Even greater anxiety arises from the tendencies which underlie these developments. The attack on Hong Kong laws not merely endangers human rights -- it threatens the separate Hong Kong legal system itself. The bleak prospect is that the Provisional Legislature and the proposed changes, will come under sustained legal challenge, before or after the transfer of sovereignty.

If that challenge is upheld by the courts, then China will almost certainly fall back upon its system of making retrospective laws to suit circumstances -- and Hong Kong's rule of law will have been virtually demolished right from the start.

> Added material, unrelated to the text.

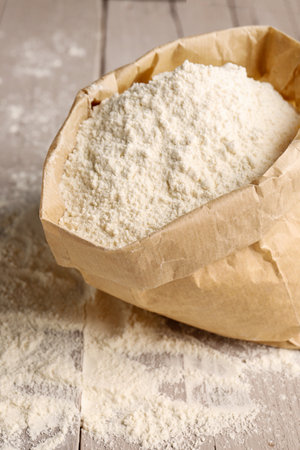 Paper bag with wheat flour on gray wooden backgroundの写真素材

If the challenge is rejected, then many will fear that Hong Kong's judges are already trimming their sails to the China wind. It looks like a lose-lose situation.

Meanwhile the fundamental right which may fail to make it through the handover is the crucial right of habeas corpus. When China abolished 26 laws, one of the laws abolished extended the right to seek a writ of habeas corpus to Hong Kong. With a month to go the British have yet to produce a law localizing habeas corpus, let alone pass it. One such law is promised. Legco may just manage to pass it in time, even though too few Hong Kong persons appeared concerned over such a vital matter.

All-in-all, as July 1, 1997 draws nearer, there is no lack of meaningful and dramatically relevant themes, out of which absorbing movies could be made. Whether China's epic The Opium Wars will be one of them remains in doubt. Yet it is possible to see one way in which that promised journey into the historical past will be highly appropriate.

When, in the early 19th Century, the British sought to open up China to the outside world, Chinese mandarins frequently responded by asserting that reality was what they asserted it to be, regardless of the facts.

As Chinese leaders of today assert that all Hong Kong compatriots are eagerly looking forward to the return to the motherland, that everything is going smoothly in preparation for the handover, that the British are the only ones making difficulties, and that everything China is doing is perfectly legal, it is as if the Middle Kingdom world of 155 years ago is being replayed in real life, not just in a movie.